◆ Data to process:
● ● ● ●

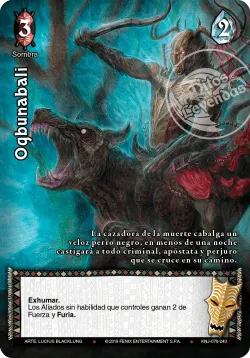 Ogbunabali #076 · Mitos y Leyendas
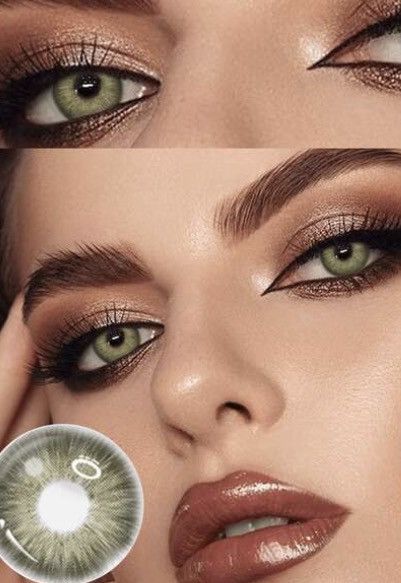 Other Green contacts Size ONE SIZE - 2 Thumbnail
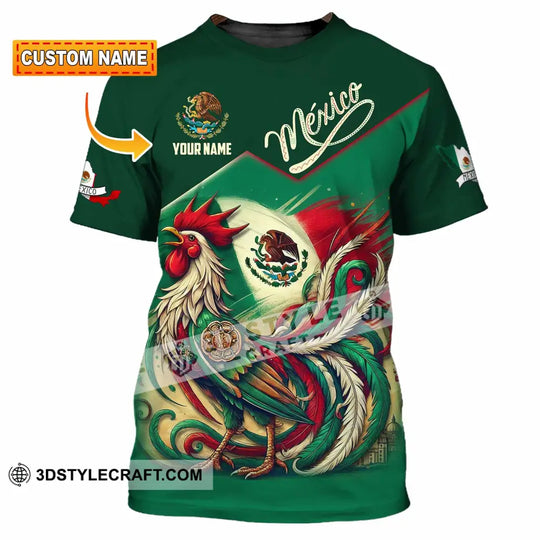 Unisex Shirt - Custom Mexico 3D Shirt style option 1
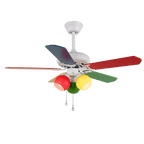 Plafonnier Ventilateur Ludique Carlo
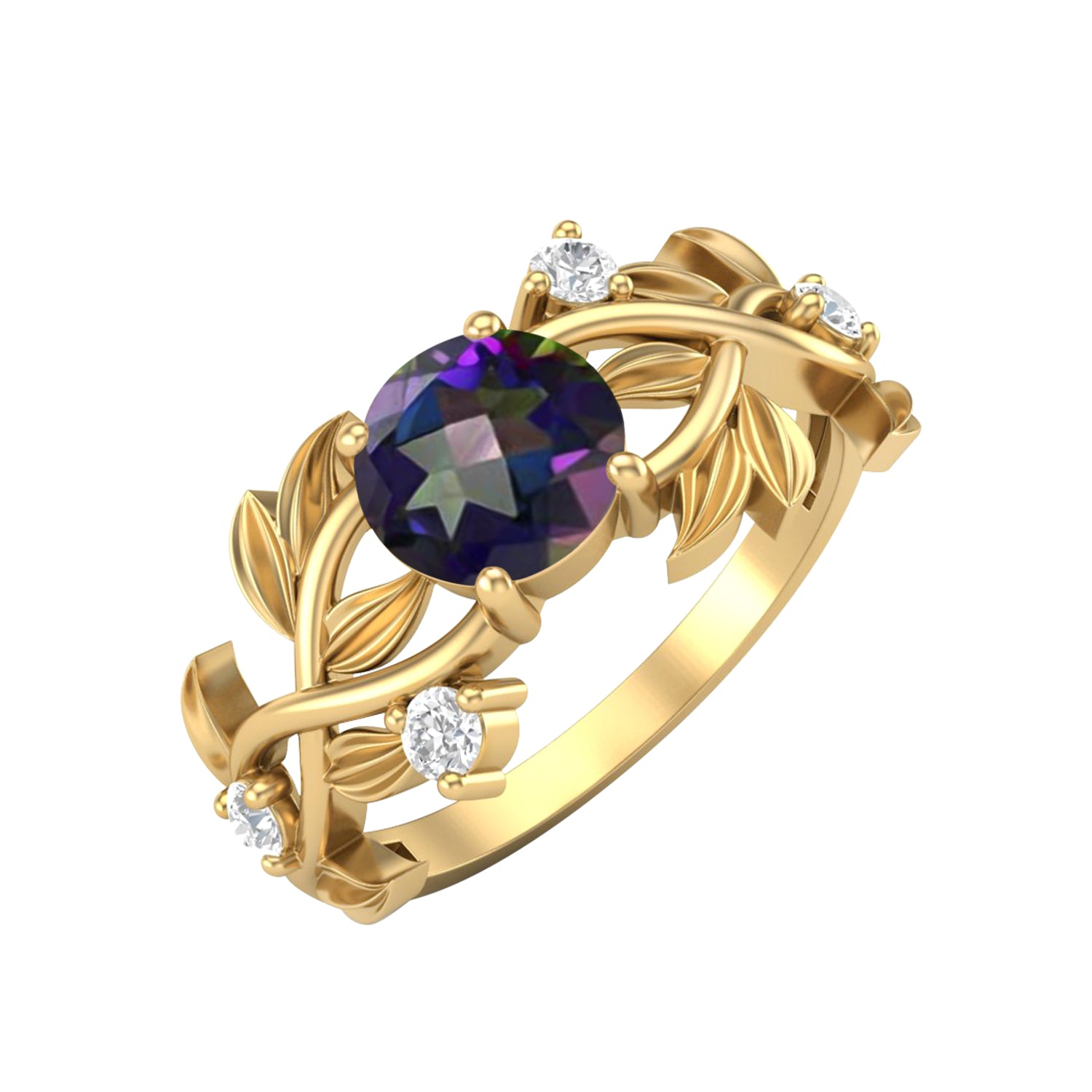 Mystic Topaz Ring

● ● ● ●

◆ Directions:
Go through the listing above and write it all out exactly, leaving out any picture.

◆ Reply to the task:
 Ogbunabali #076 · Mitos y Leyendas
 Other Green contacts Size ONE SIZE - 2 Thumbnail
 Unisex Shirt - Custom Mexico 3D Shirt style option 1
 Plafonnier Ventilateur Ludique Carlo
 Mystic Topaz Ring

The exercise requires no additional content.